- Directed by: Antony Thomas
- Country of origin: United Kingdom

Production
- Producer: Kenneth Griffith

Original release
- Release: 1973

= Hang Up Your Brightest Colours =

Hang Up Your Brightest Colours is a 1973 film by Welsh actor and filmmaker Kenneth Griffith, about the life and death of Irish Republican leader Michael Collins. It was directed by Antony Thomas.

Although usually classed as a documentary, the film more closely resembles a dramatic monologue, with Griffith frequently delivering quotes by key figures such as David Lloyd George, Winston Churchill, and Collins himself, "in character".
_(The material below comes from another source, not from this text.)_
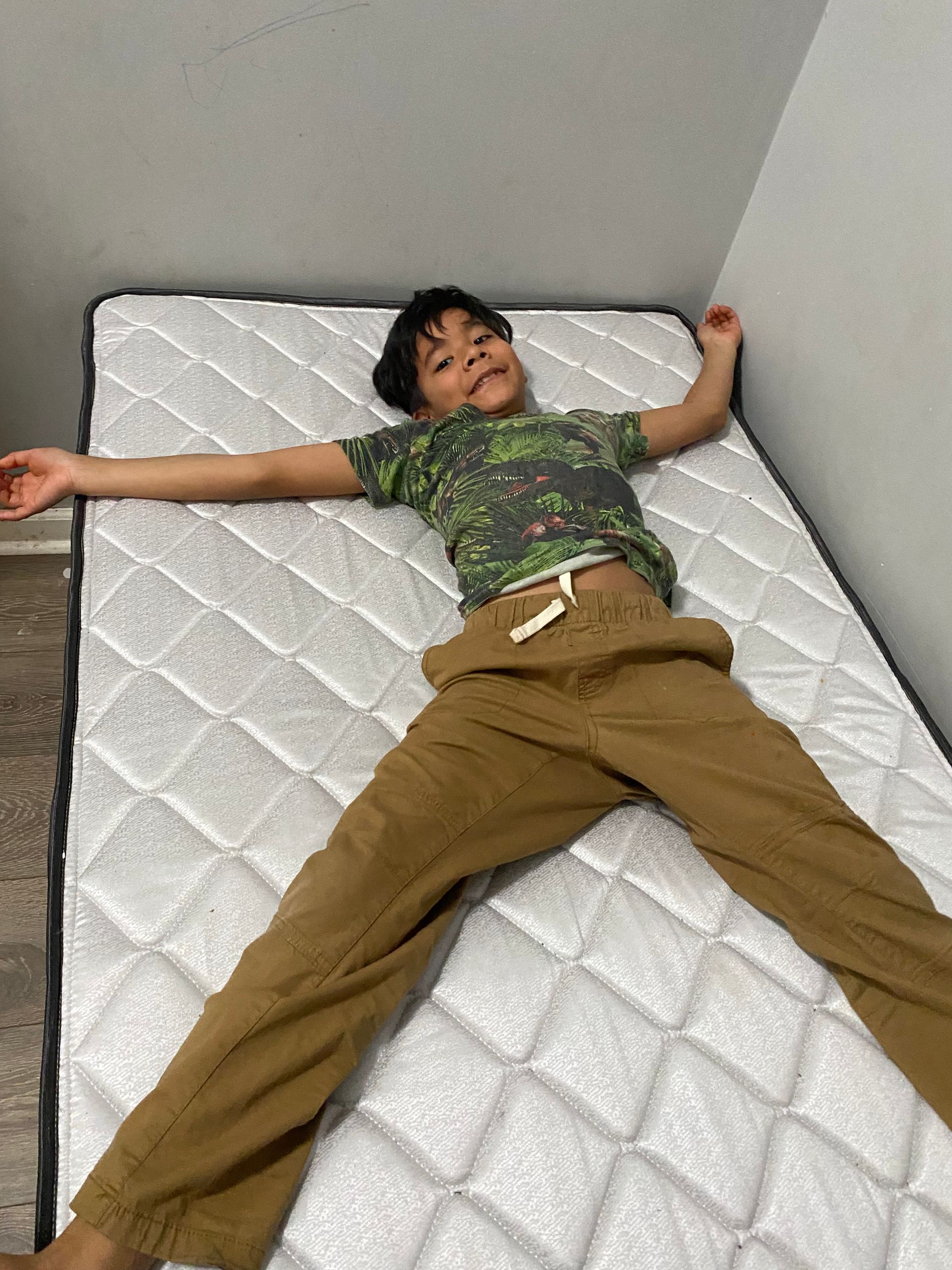 A young boy is laying on a mattress in a bedroom.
The film was commissioned by media mogul Lew Grade for transmission by ATV, the ITV region covering the Midlands he controlled at the time. Grade had, in fact, offered to fund whatever subject Griffith wanted to make, but when he viewed the finished film, he refused to show it. In his memoirs, Griffith claimed that Grade was unofficially instructed not to offer the film to the IBA for network transmission, so the Association would not have to reject it and thus be accused of political censorship. Griffith took legal action, received an out-of-court settlement and built his home, which he called Michael Collins House, in Islington with the proceeds. It was first broadcast on BBC One in Wales only in 1993, and networked across the United Kingdom by BBC Two the following year.